A Tale of Two Families

Last week, the nation was once again focused on a Montgomery County, Maryland story that first came to national attention on December 20 of last year when a ten-year-old boy and six-year-old girl were picked up by police while walking home by themselves from a playground about a mile from their home. The police contacted Montgomery County Child Protective Services (CPS), which interviewed the children at school, visited the family at home, and threatened the children would be removed unless the parents signed a “safety plan” promising that they would not be left alone until the case was resolved.

The children's parents explained that they believed in “free range parenting,” allowing their children to take gradual steps toward independence consistent with their age and ability. Eventually, CPS took the middle route between substantiating the neglect and ruling it out, making a finding that left open the possibility that neglect took place. But on April 12, the children were once again in the clutches of CPS when police picked them up in a park and brought them to CPS headquarters after a dog walker called 911. They were not reunited with their parents for five-and-a-half hours (without any food), and their parents did not know where they were for the first three hours. The family is reportedly planning to sue CPS.

The extreme attention paid to the Meitiv family stands in ironic contrast to another story that transfixed the Washington area last year. On March 19, 2014, police began searching for eight-year-old Relisha Rudd, who had lived with her family at the District's large family homeless shelter. Relisha had not been at school since February 26 but no report had been made because her family had lied to the school about her absence, stating that she was sick and under care by a “Dr. Tatum.” Tatum turned out to be a janitor at the shelter. His wife's body was found on March 20 with a bullet in the head; he was found dead of an apparently self-inflicted gunshot wound on March 31. Relisha has never been found.

An investigation by the Washington Post found that DC's Child and Family Services Agency (CFSA) had sustained three complaints of abuse or neglect involving this family. The last complaint was only two to three months before Relisha disappeared. Due to the family's right to confidentiality, the agency has declined to release any details about the conclusions of their investigation, whether any type of monitoring or services were provided or whether the family had an open case when Relisha disappeared.

The juxtaposition of these two episodes illustrates the fundamental conflict in child welfare between doing too little and doing too much. In one case, children who were being allowed to develop independent living skills in a safe and loving home were traumatized by Child Protective Services. In another case, child in a family that was clearly struggling, whose brother was found to be abused not three months earlier, was allowed to disappear from a government-funded homeless shelter with no action taken until she was gone for three weeks.

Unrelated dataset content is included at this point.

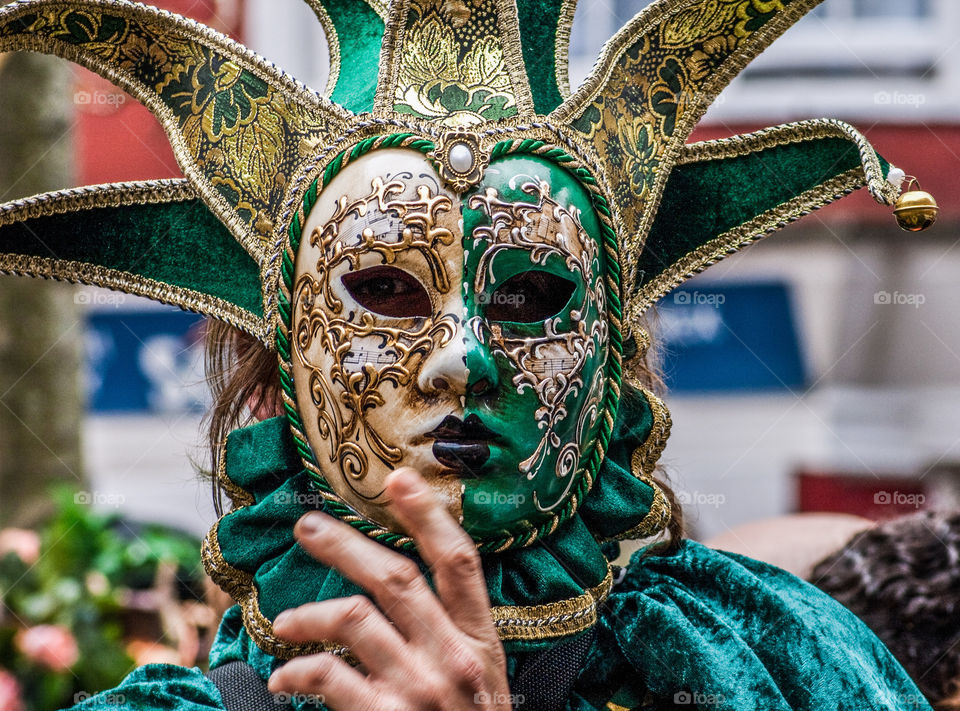 A reveller hides behind an elaborate, green mask at Hastings Traditional Jack in the Green, U.K. 2008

What can be done to prevent more children to be unnecessarily traumatized or fall through the cracks? Somehow, we need to inject a little bit of common sense into child welfare practice. The Washington Post reported that there were many signs that all was not well in Relisha's family, in addition to the three prior reports of abuse or neglect. School staff “described her arriving with filthy clothes, dirty hair and an empty stomach, and they said she often didn't want to leave.” On the other hand, the Meitiv children seem to display the independent spirit and self-confidence that comes from a loving home. Social workers and police need to be trained and allowed to distinguish the children who need help and those for whom their intervention will only a source of trauma.